The plans are part of a wider GBP1bn investment programme in Scotch whisky

The plans are part of a wider GBP1bn investment programme in Scotch whisky

Diageo is spending GBP30m (US$49m) to double production capacity at its Clynelish Distillery as part of a previously announced GBP1bn wider investment in Scotch whisky. 

Under the latest plans, announced today (16 January), the Clynelish facility, in Sutherland, will see an extra mashtun installed, ten new washbacks and six new copper stills - lifting capacity to 9m litres of alcohol a year. A bio-energy plant is also planned to provide non-fossil fuel energy to power the distillery, the company said.

The site, Diageo's most northerly facility, produces whisky used in its high-profile blended brand Johnnie Walker as well as Clynelish's own single malt brand.  

“Clynelish is a very special distillery, producing spirit that is highly prized for its quality and character and is an important part of our Scotch whisky blending inventory, so this is an important part of our investment programme,” said Keith Miller, Diageo's director of distillation & maturation. 
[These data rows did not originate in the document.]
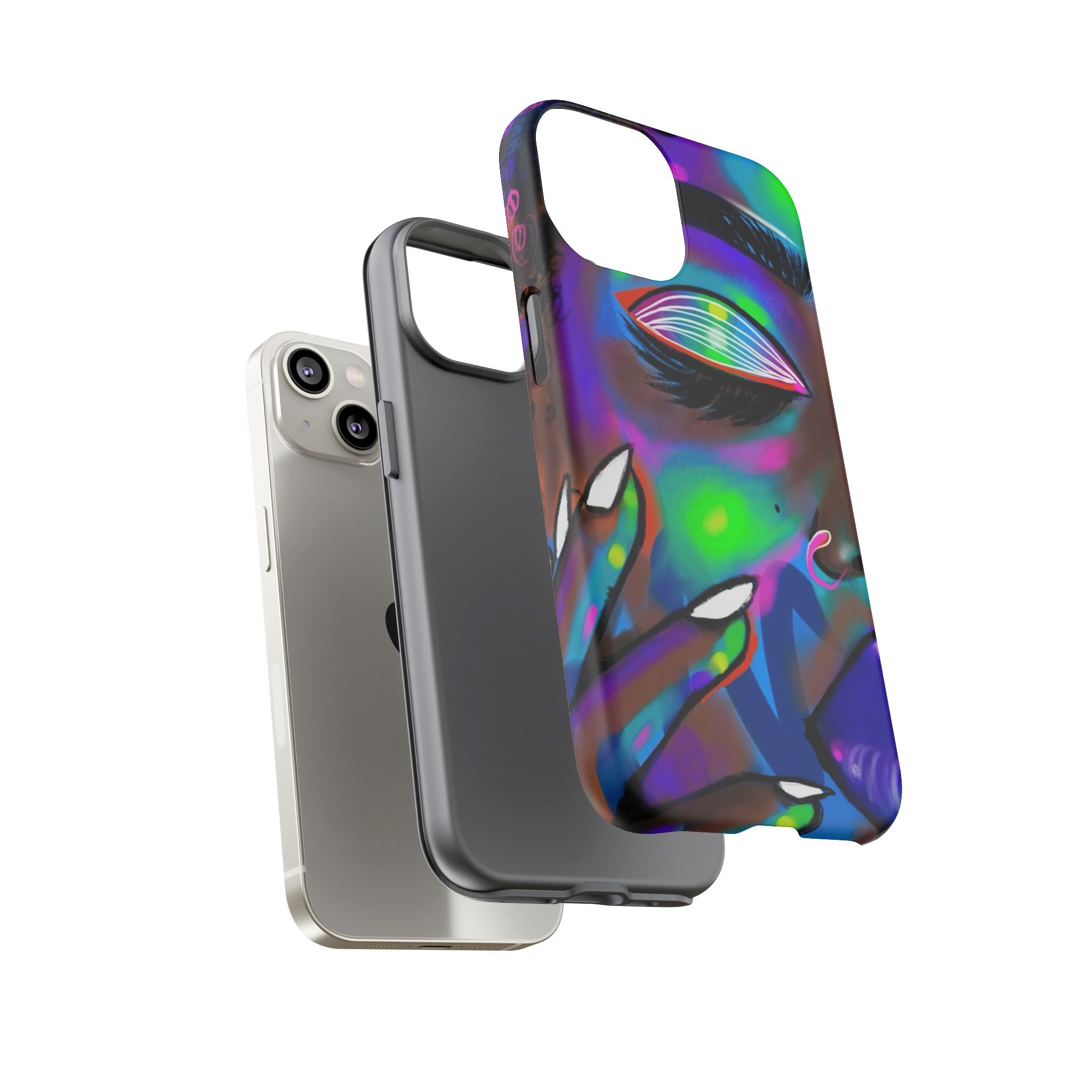 "Abstract Queen" Tough Cases"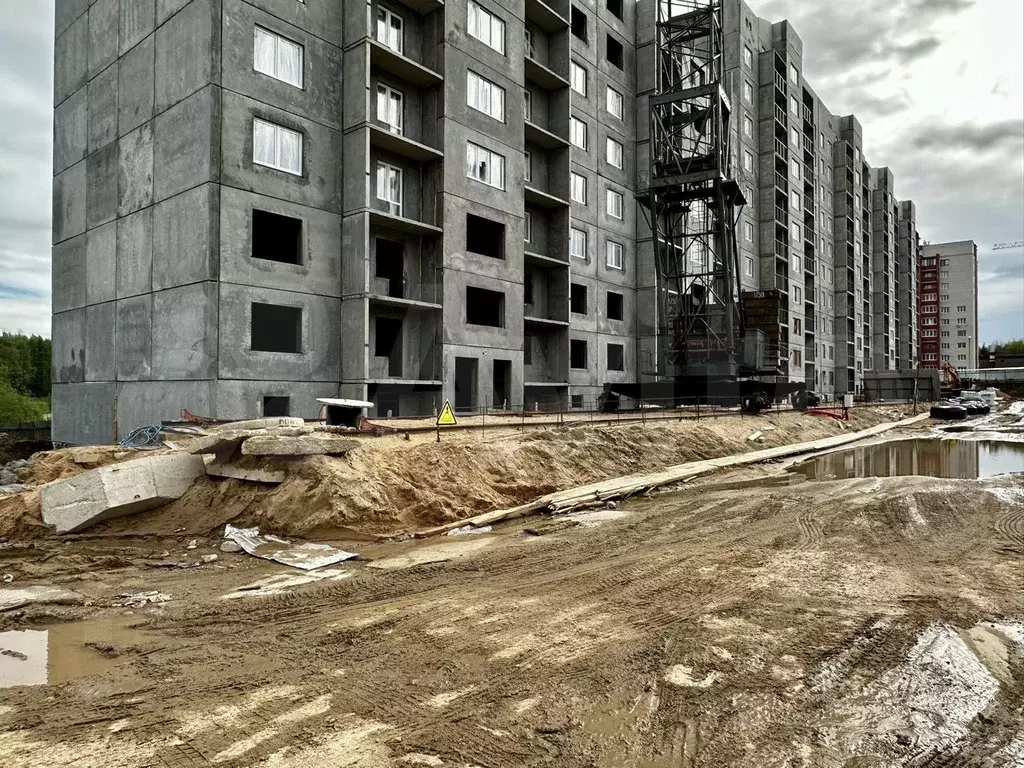 1-к. квартира, 39,3 м, 1/10 эт. - Фото 1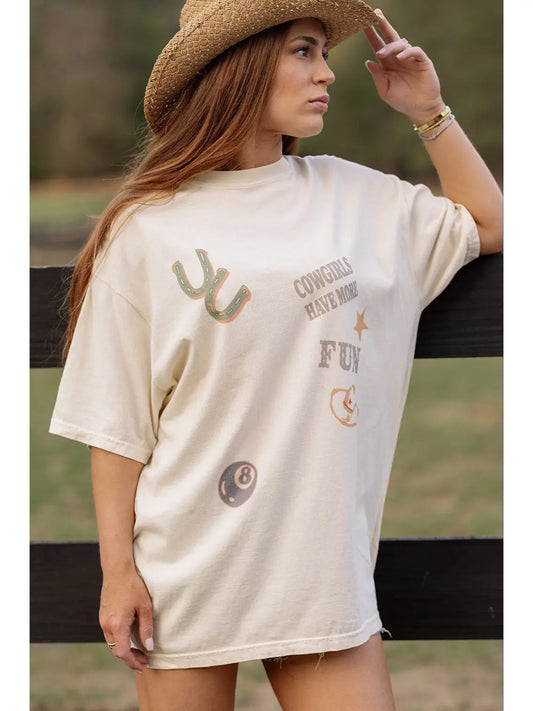 COWGIRLS HAVE MORE FUN TEE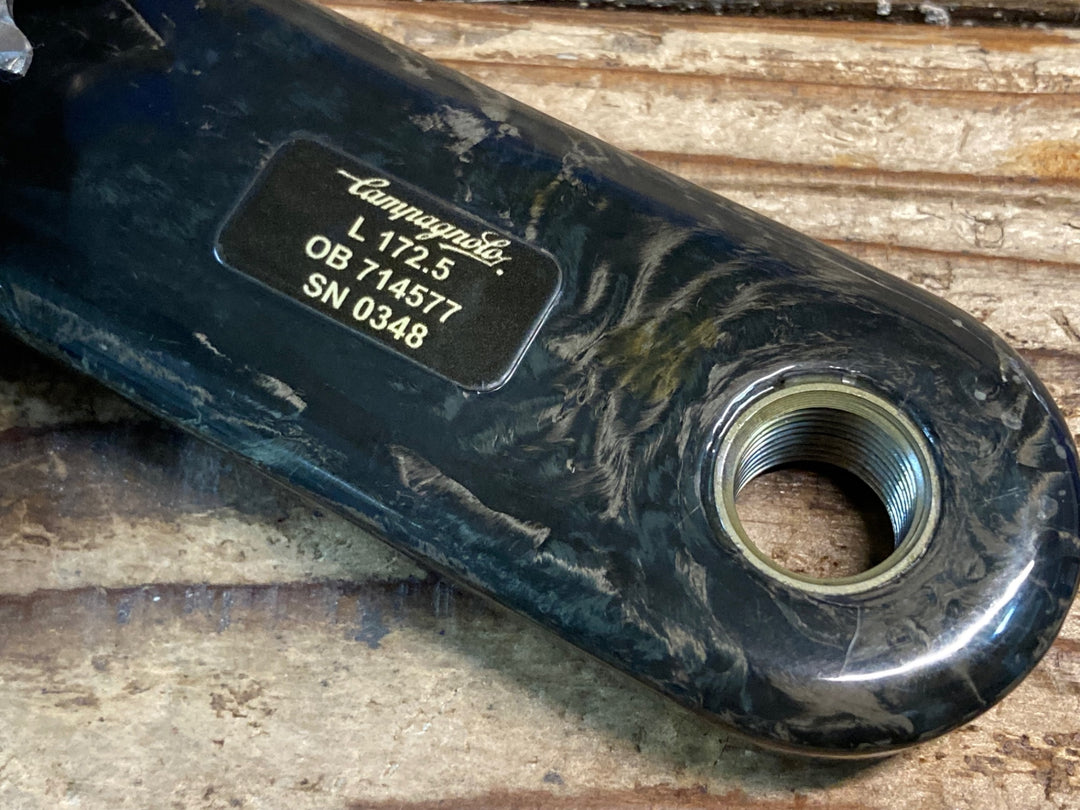 JL157 カンパニョーロ CAMPAGNOLO レコード RECORD カーボン クランクセット 172.5mm 52/39T 10S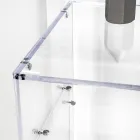 Bureau pratique autoportant en plexiglas transparent, fabriqué en Italie - Ghea Viadurini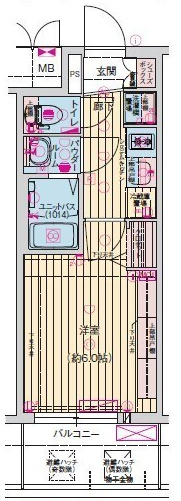 プレサンス桜川グロワールの間取り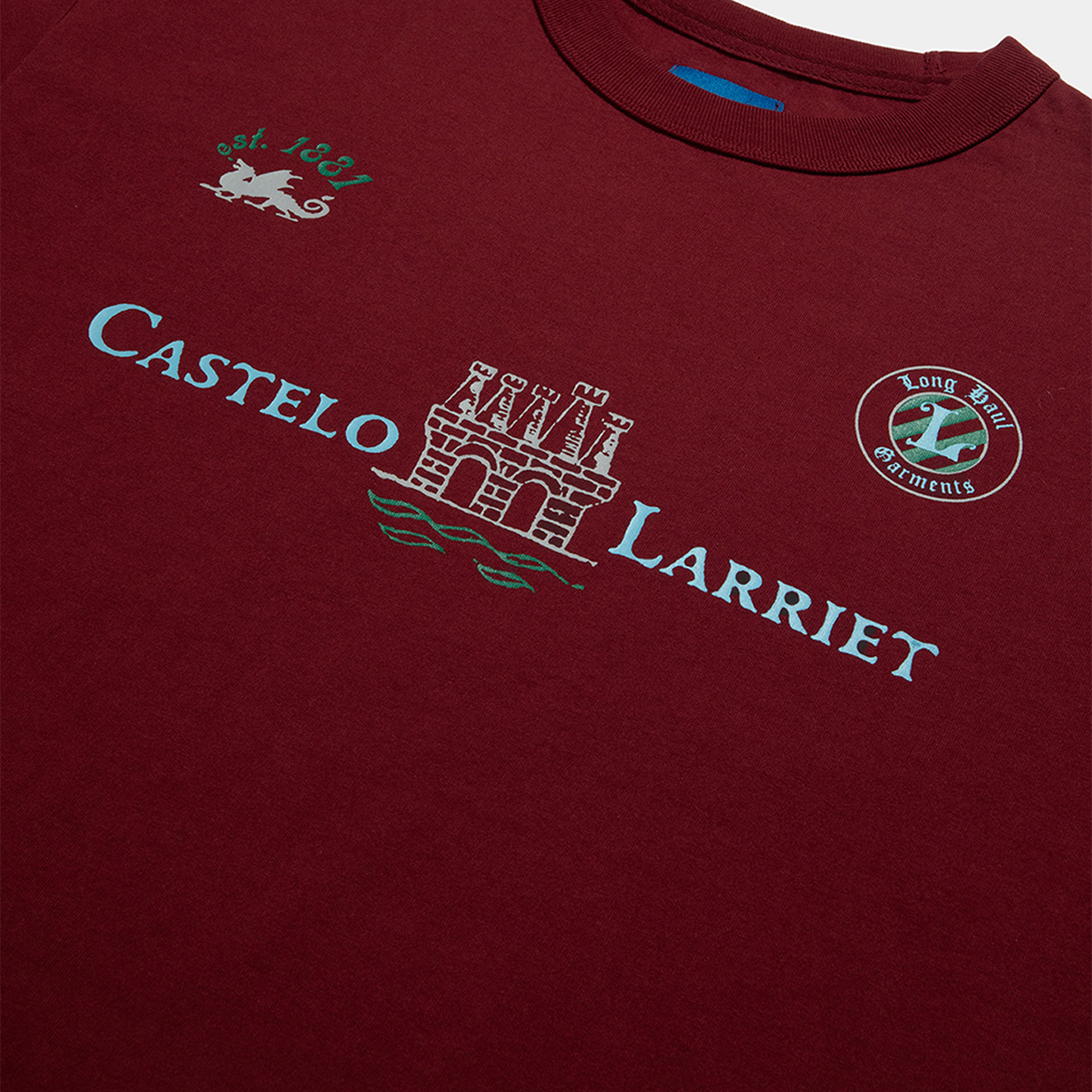 Larriet Castelo Tee Maroon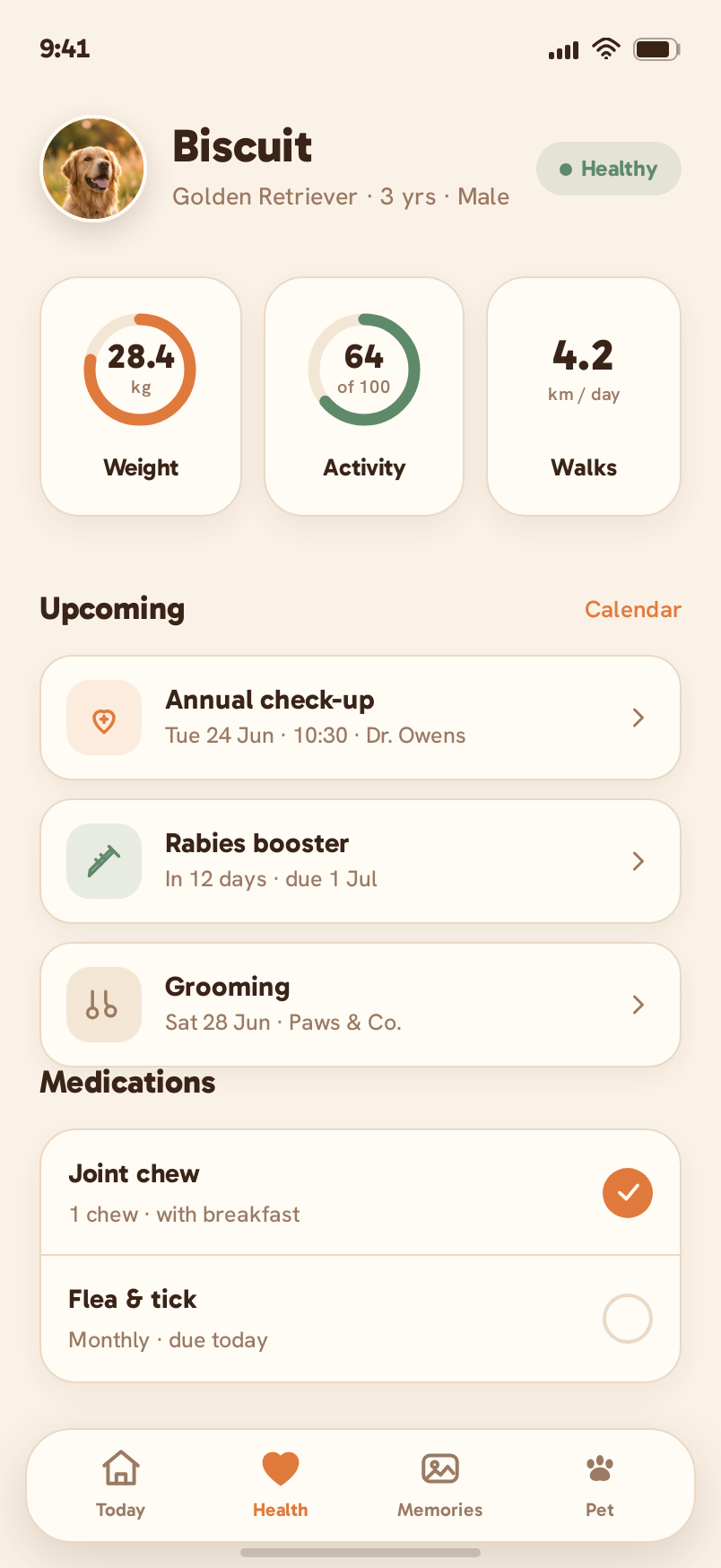 Health screen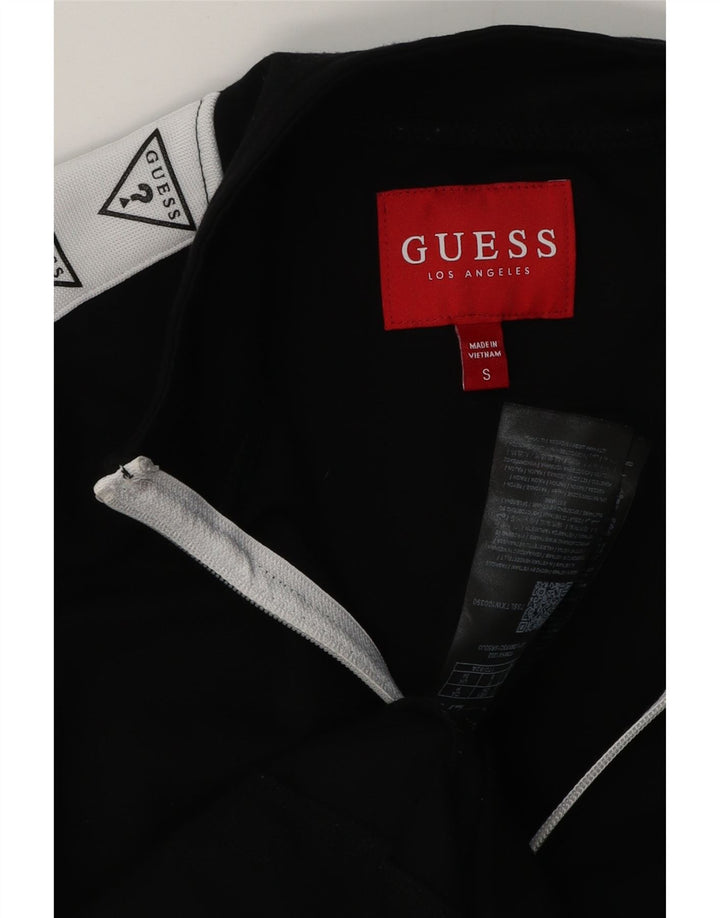 GUESS Muška gornja jakna trenirke Graphic Small Black Colourblock Rayon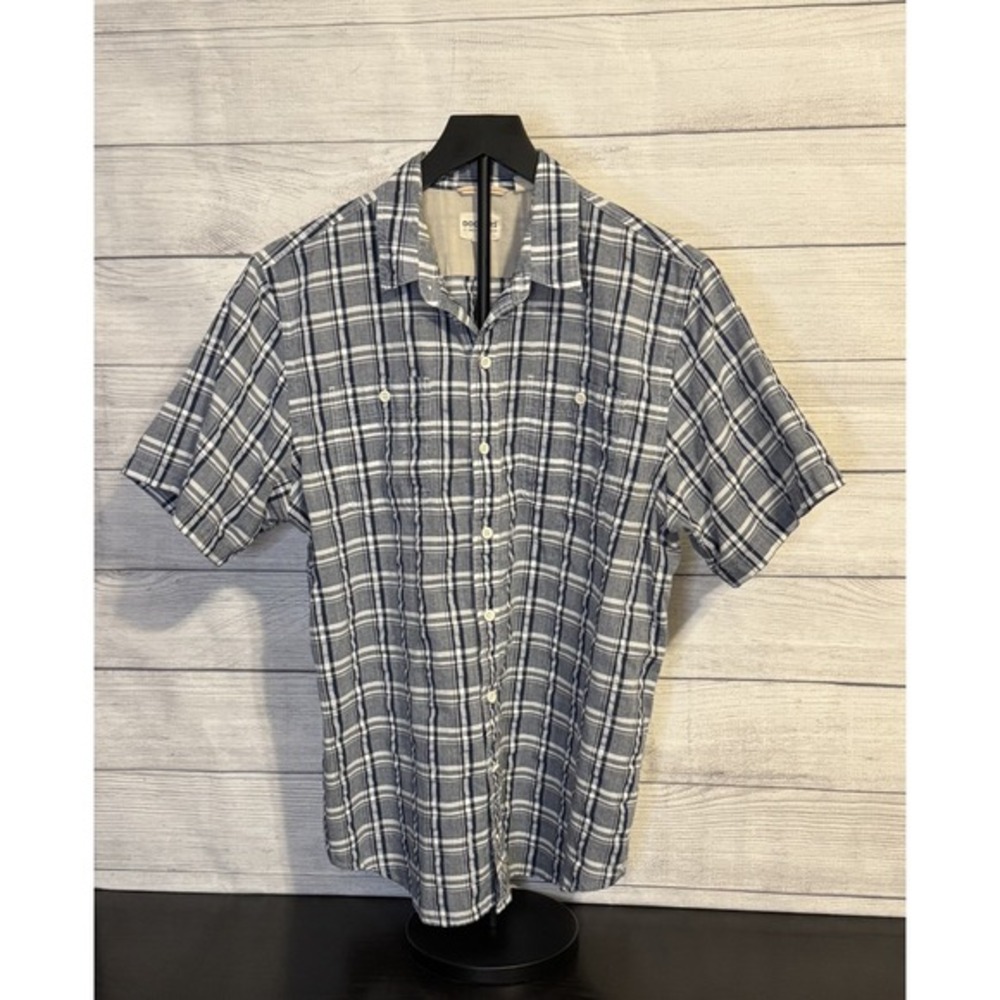 Dockers Plaid Short Sleeve Button-Up Shirt – Men's Medium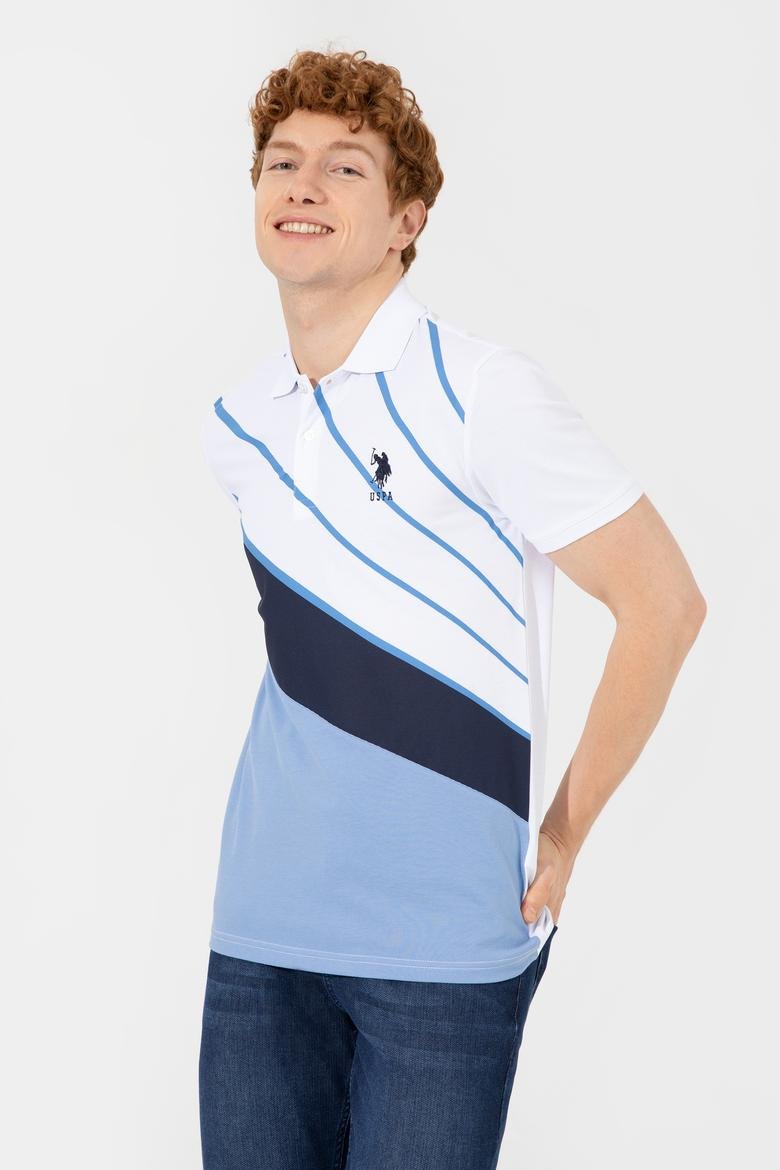 Erkek Koyu Mavi Polo Yaka T-Shirt_3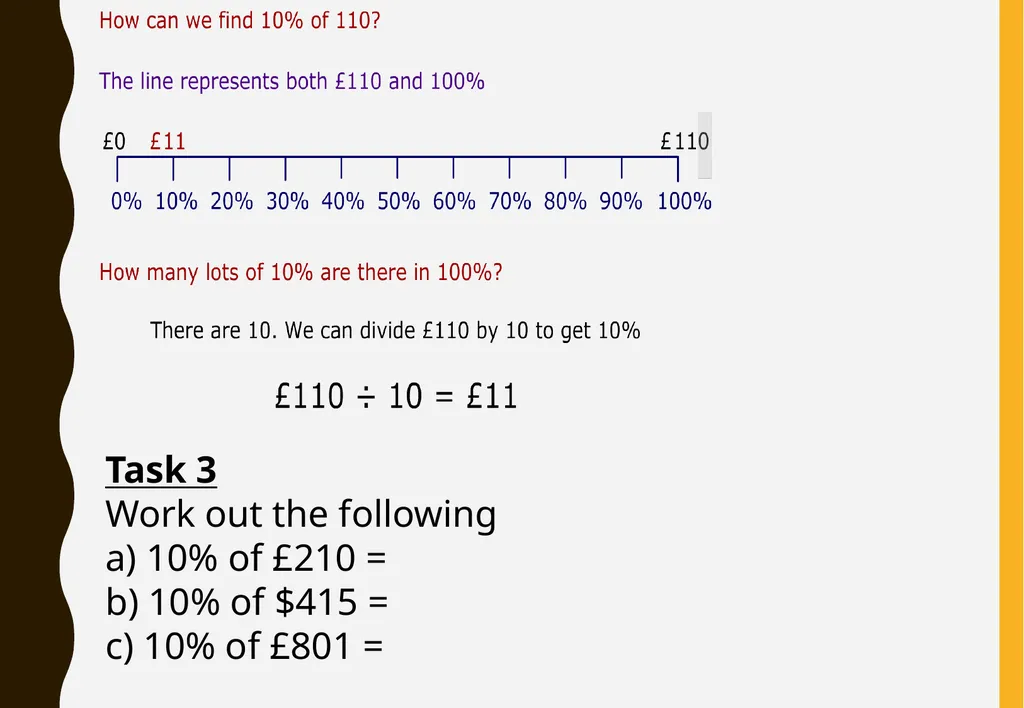 Percentages of amounts Functional Mathematics - slide 6 of 11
The plans are the latest chapter in the group's five-year strategy to invest GBP1bn in its Scotch whisky production facilites, first announced in June 2012. The group has seen significant growth in its Scotch whisky brands in emerging markets and expects this boom to be sustained, it has said. 

The investment also includes plans to double capacity at its Glen Ord and Teaninich sites and the construction of a “major” new distilllery.